My vocation as a novelist thrives upon solitude. In almost all areas of art one has to work with other people during the creative process. Even the most egotistical of film directors has to be good at harmonising his energy with that of others, learning to function as a team. So, too, fashion designers, actors, dancers, playwrights, singers and musicians.

But not fiction writers. For weeks, months and sometimes years on end, we retreat into the novels we write; we stay inside that imaginary cocoon surrounded by imaginary characters, writing destinies, thinking we are God. Self-absorption and an inflated ego are the two most harmful side effects of our profession. That is why we make poor lovers and even poorer wives and husbands. Writers are primarily asocial creatures - though we can easily forget that with a bit of fame and success. "The birthing room of the novel is the individual in his loneliness," as Walter Benjamin once said.

One day, I learned I was pregnant. I hadn't known I wanted to become a mother and it took me by surprise. But I wanted to have this baby. It was as if another part of me – a domestic, nurturing, maternal side – was now rebelling against the part that had dominated all those years. The insurgent forces of motherhood infiltrated the tiny little villages south of my personality with amazing speed and agility, but the vested powers sitting in the capital were still holding strong.

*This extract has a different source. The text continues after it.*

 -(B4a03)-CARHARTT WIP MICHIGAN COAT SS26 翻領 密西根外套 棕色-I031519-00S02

Yet, I didn't want to lose the wandering, independent, carefree spirit that I was. Inside my head there were six voices speaking all at once. Hence I entered this pregnancy with mixed feelings, as if I were being dragged toward the unknown by an undercurrent that was stronger than my heart. It didn't help that I was put on trial during the final stages of my pregnancy due to the sentences a few of my Armenian fictional characters uttered in my novel The Bastard of Istanbul. By coincidence the trial was set for the day after my delivery. Although I was acquitted at the first hearing, and the experience had no bearing on my subsequent depression, those tense days added to the challenges of the entire year.

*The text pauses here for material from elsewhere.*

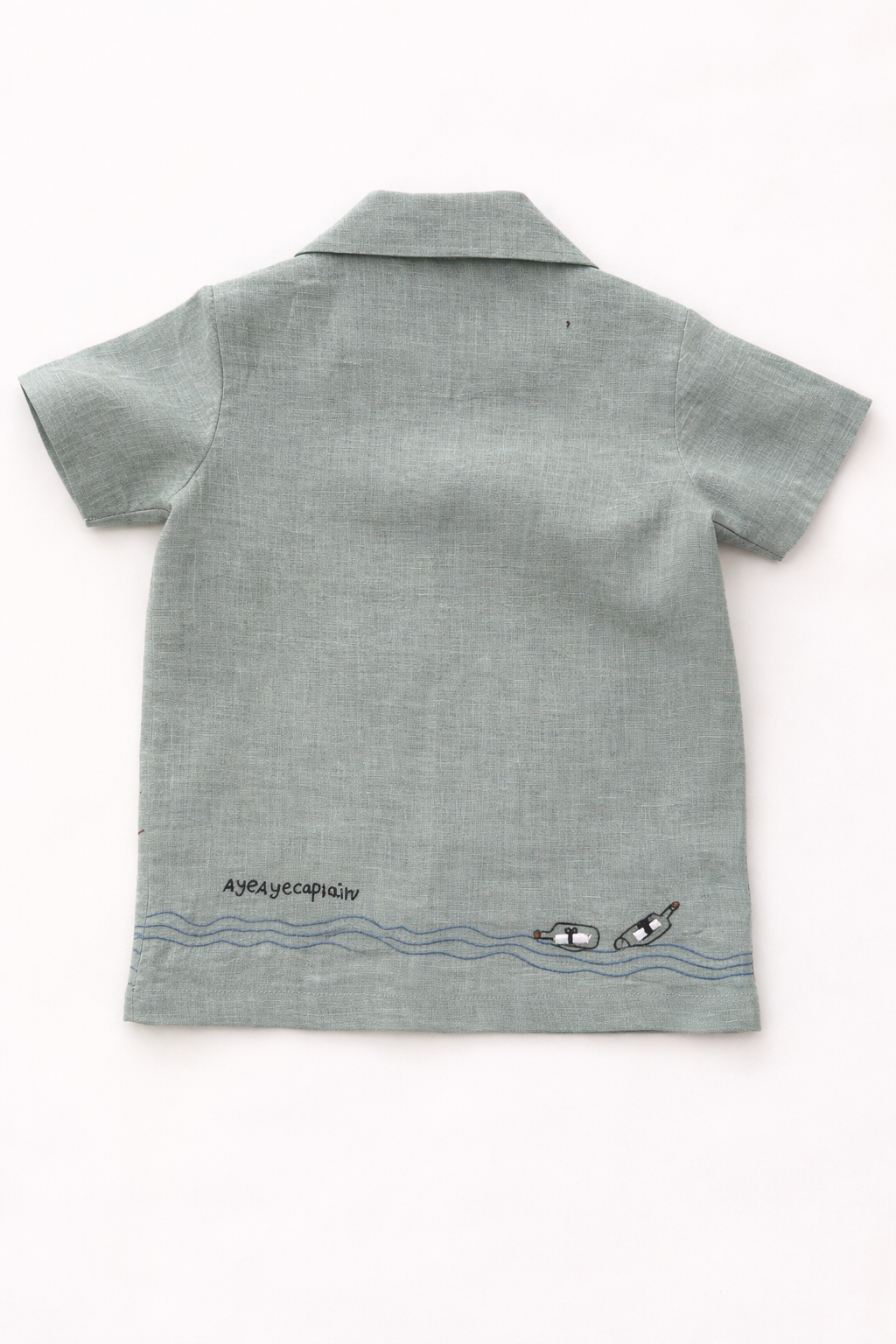 Captain & Crew Handwork Solid Premium Linen Coord Set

I gave birth in September 2006, the most beautiful month of the year in Istanbul. Happy and blessed as I felt, I was also perplexed and unprepared. We rented a charming, quiet house on the islands where I could nurse and write. That was the plan. But it turned out I could do neither. My milk wasn't sufficient, and each time I attempted to go back into the world of fiction and start a new novel, I found myself staring at a blank page with growing unease. That had never happened to me before. I had never run out of stories. I had never experienced writer's block or anything that came close to it. For the first time in my adult life, as hard as I tried, words wouldn't speak to me.

Suddenly I was seized by the fear that something had irreversibly changed in me and I would never be the same again. A wave of panic surged through me. I started to think that now that I had become a mother and housewife, I would not be able to write fiction anymore. Like an old dusty carpet, my old self was pulled out from under my feet.

Books had been my best friend since the day I learned how to read and write. Books had saved me. I had been an introverted child to the point of communicating with coloured crayons and apologising to objects when I bumped into them. Stories had given me a sense of continuity, centre and coherence – the three Cs that I otherwise sorely lacked. I breathed letters, drank words and lived stories, confident that I could twist and twirl language in a passionate tango.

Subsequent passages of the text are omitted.